* _SUPPLIED ENTRIES_
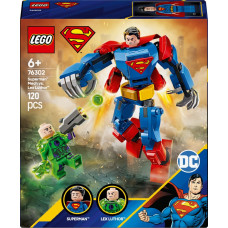Lego 76302 DC Super Heroes Superman Mech vs. Lex Luthor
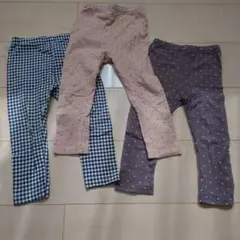 レギンス 3点セット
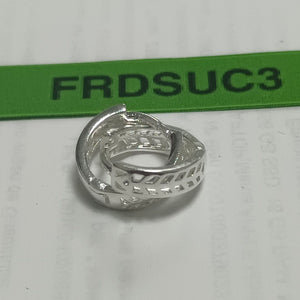 ARRACADAS PLATA .925 2.5 GR (NUEVO)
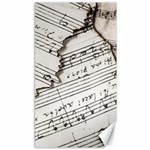 Music Notes Note Music Melody Sound Pattern Canvas 40  x 72  39.28 x69.23  Canvas - 1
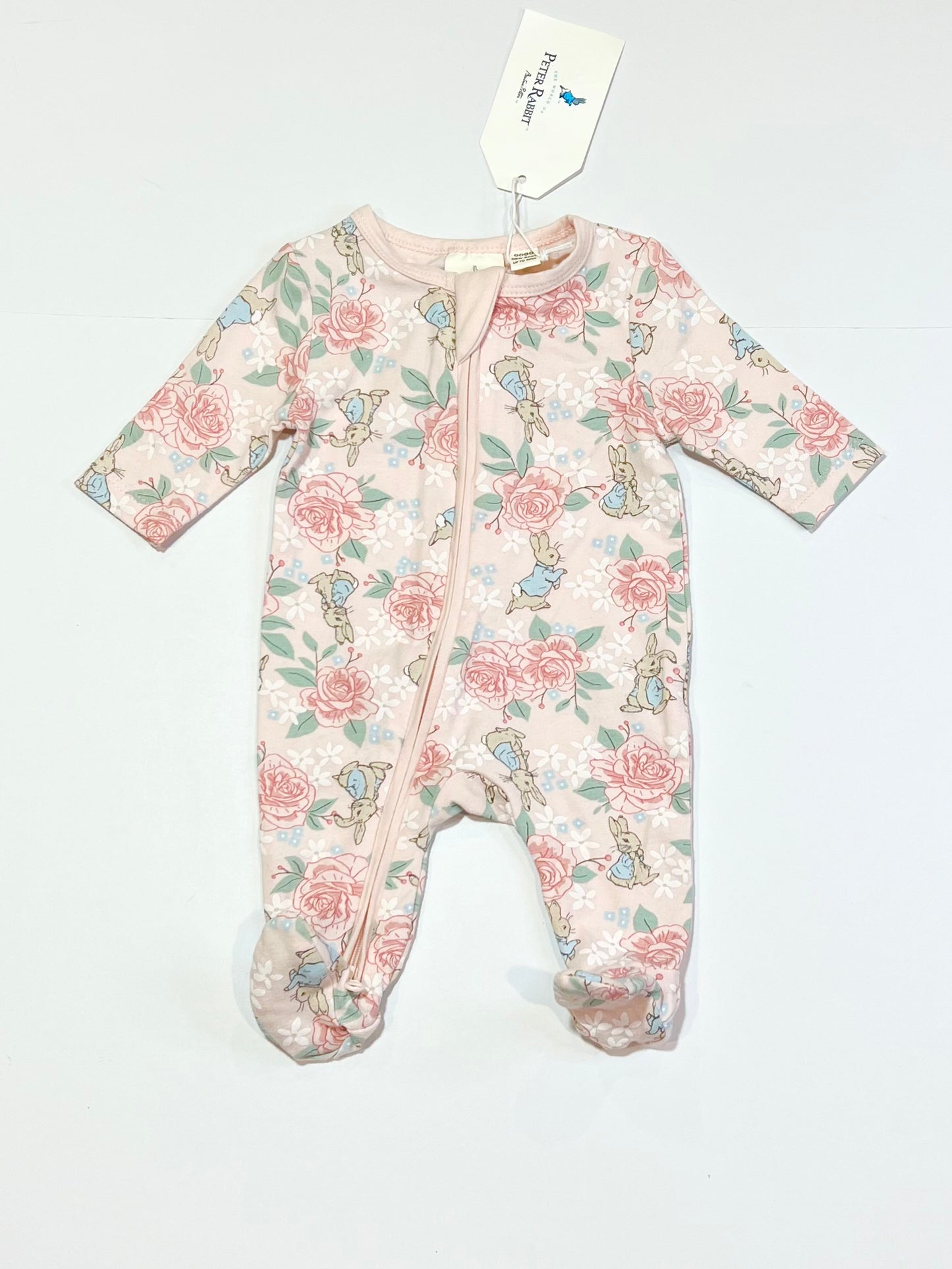 Bunny zip onesie brand new - Size 0000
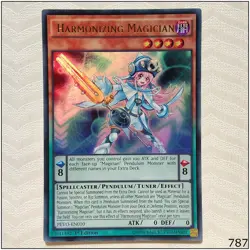 Harmonizing Magician - PEVO-EN010 - Ultra Rare 1st Edition Yugioh - Image 1
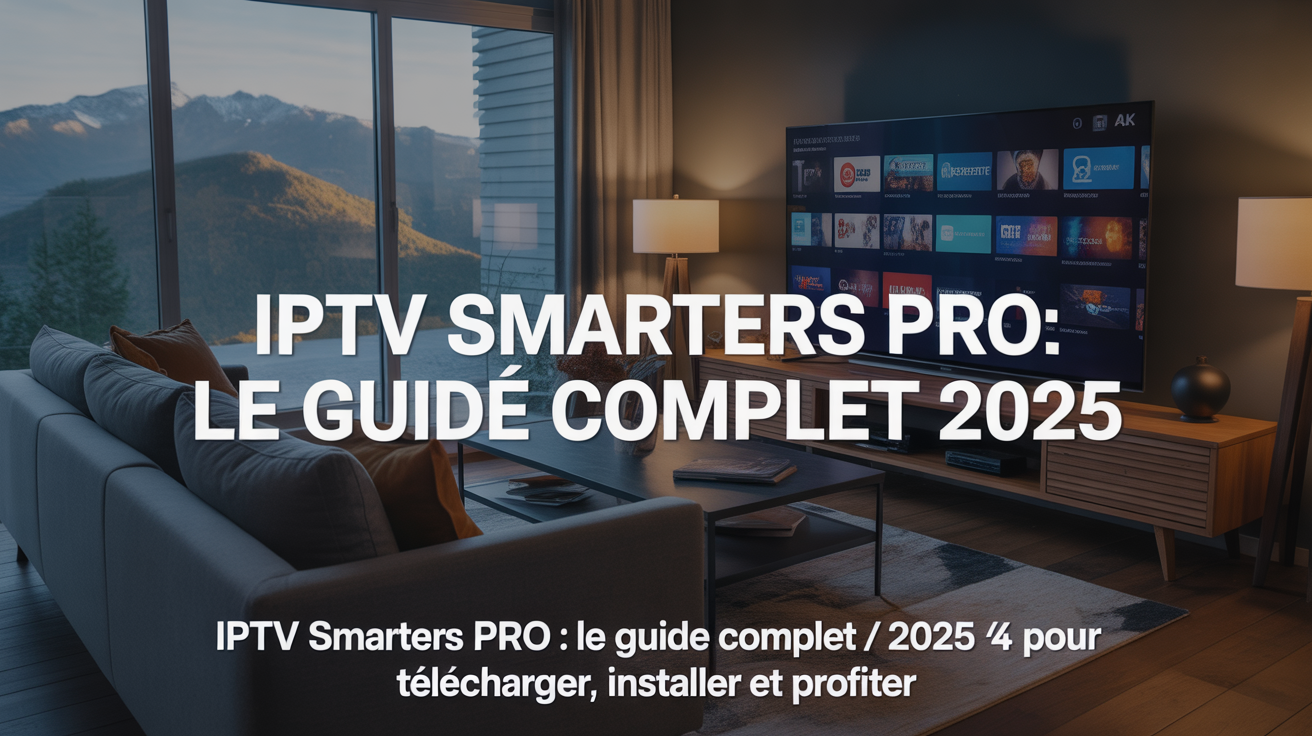 IPTV Smarters Pro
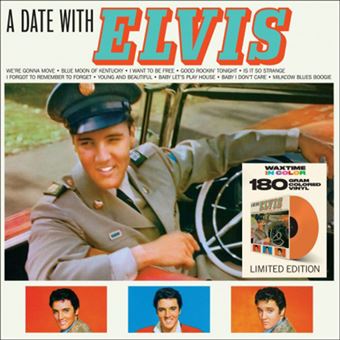 A date with Elvis - Vinilo naranja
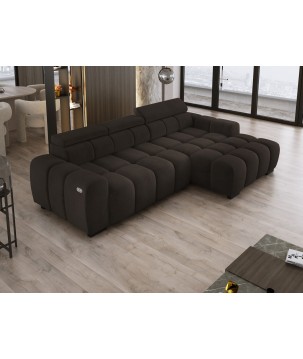 Narożnik wolnostojący OMBO Prawy 168x285 cm SALVADOR 04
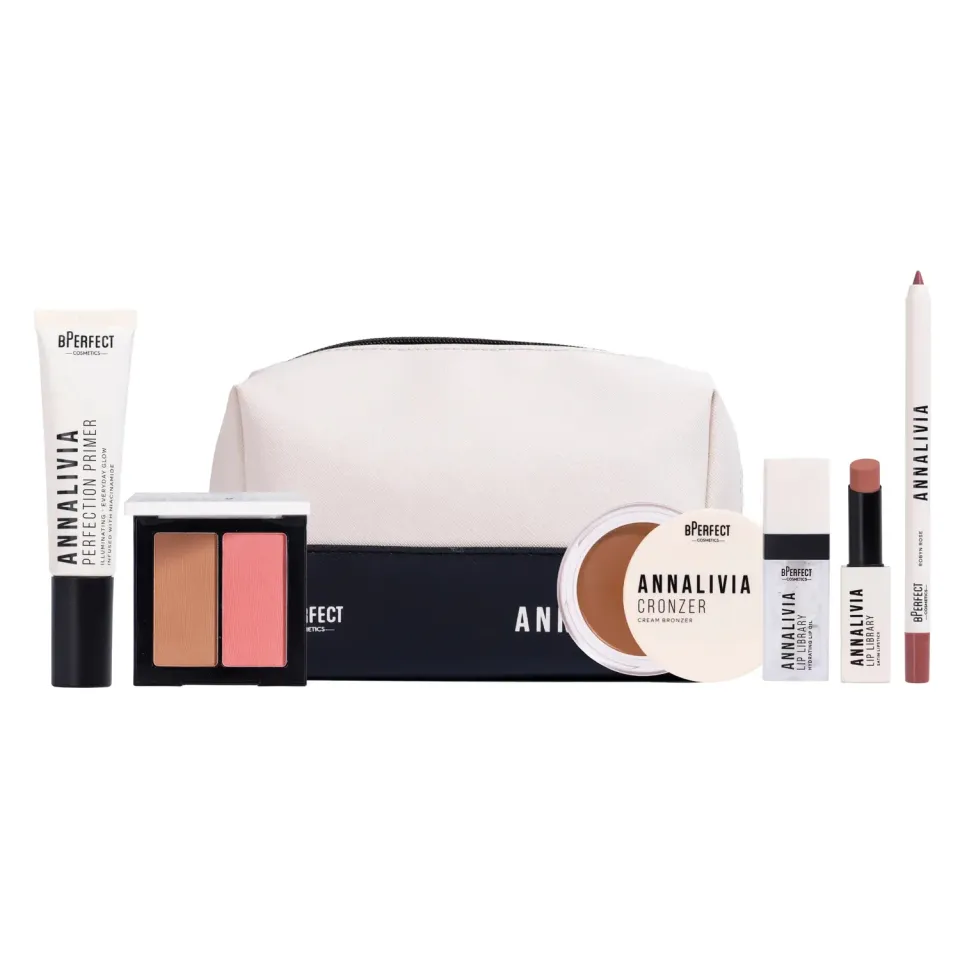 BPerfect x Annalivia Must Haves Collection make-up set stralende huid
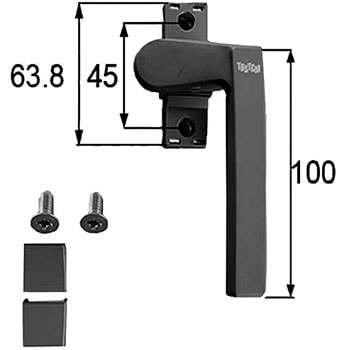 T50 カムラッチハンドル ハイロジック 58854004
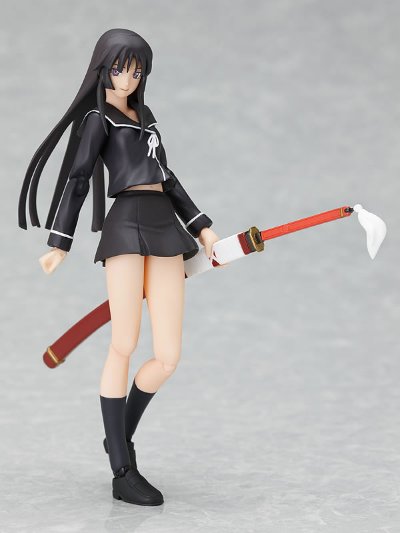 figma#067 喰灵 -零- 谏山黄泉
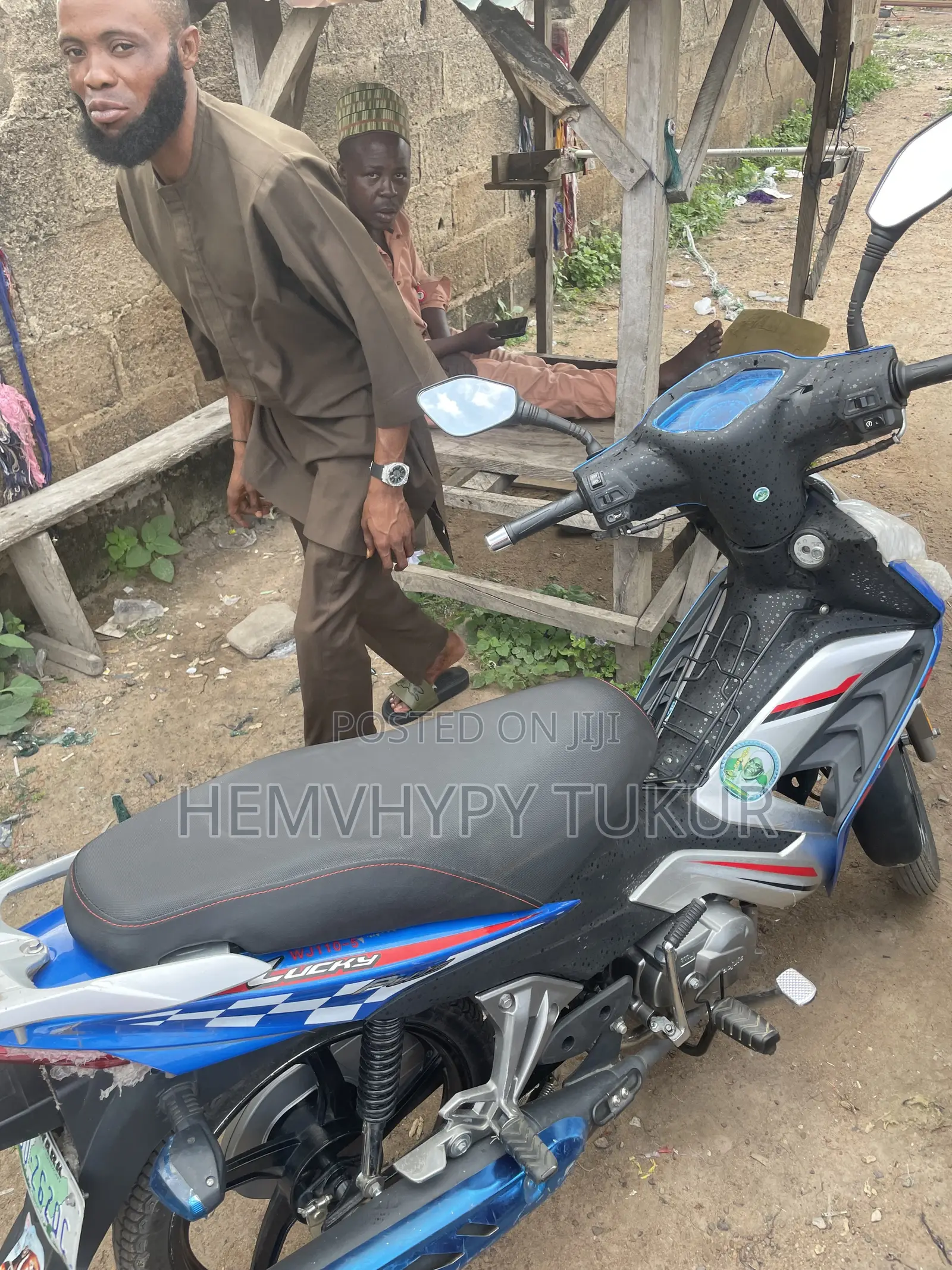 Motorcycle 2025 Blue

* _PROMPT_
Return only the lines that start at the line containing "T50 カムラッチハンドル ハイロジック 58854004" and finish at the last line of the entries, exactly as written and without pictures.

* _SOLUTION TO THE PROBLEM_
 T50 カムラッチハンドル ハイロジック 58854004
 figma#067 喰灵 -零- 谏山黄泉
 Motorcycle 2025 Blue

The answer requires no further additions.